В каком-то смысле он таковым и остался.
Я сдержалась и убрала с его лба выбившуюся прядь волос, понимая, что даже лёгкое прикосновение разбудит его, когда ему нужно ещё немного поспать. Никто из нас не спал ночью, это уж точно.
Вскоре после часу ночи, нервничая сильнее, чем на любой секретной операции, я тихонько прокрался по тёмному коридору, переступая по половицам, чьи вековые скрипы и стоны стали саундтреком моей ранней жизни. Я не стал стучать, лишь крепко схватился за старую латунную ручку, чтобы она не дребезжала, приоткрыл дверь и проскользнул в его комнату. Сердце уже колотилось в груди, а температура поднималась, кровь приливала к коже.
Лампа на прикроватном столике всё ещё горела. В её приглушённом свете я видела Шона, лежащего на боку, натянутого только до пояса, голой спиной ко мне. Я постояла немного, наблюдая за мерным движением его грудной клетки, не зная, стоит ли к нему подойти. Подкрадываться среди ночи к человеку с такой же реакцией и горьким опытом, как у Шона, вряд ли было полезно для здоровья.
На мгновение сомнения всплыли вновь, и у меня возник соблазн отступить.
Затем Шон слегка поднял голову и тихо сказал через плечо:
«Чем дольше ты там стоишь, тем холоднее становятся твои ноги».
Ты даже не представляешь, насколько ты близок к этому, Шон...
Я пересекла комнату в полдюжины шагов, подняла тяжёлое атласное одеяло и скользнула к нему. И вскоре все мои сомнения по поводу этого упражнения развеялись окончательно.

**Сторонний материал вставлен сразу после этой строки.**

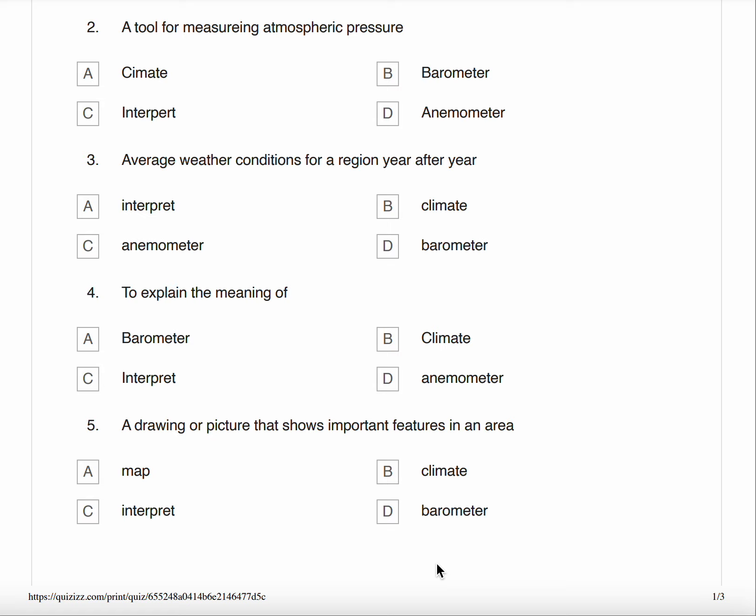Question four, to explain the meaning of. A. Barometer B. Climate C. Interpret D. Anemometer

И вот, когда я пыталась незаметно выскользнуть из-под смятого одеяла меньше чем через шесть часов, он моргнул и открыл глаза. Я восприняла его затуманенный взгляд как огромный комплимент. Это означало, что рядом со мной Шон чувствовал себя в достаточной безопасности, чтобы полностью расслабиться. По крайней мере, иногда.
«Привет», — сказал я, услышав дрожь в голосе.
Он улыбнулся, и его лицо полностью преобразилось, исчезла жестокость, таившаяся под поверхностью.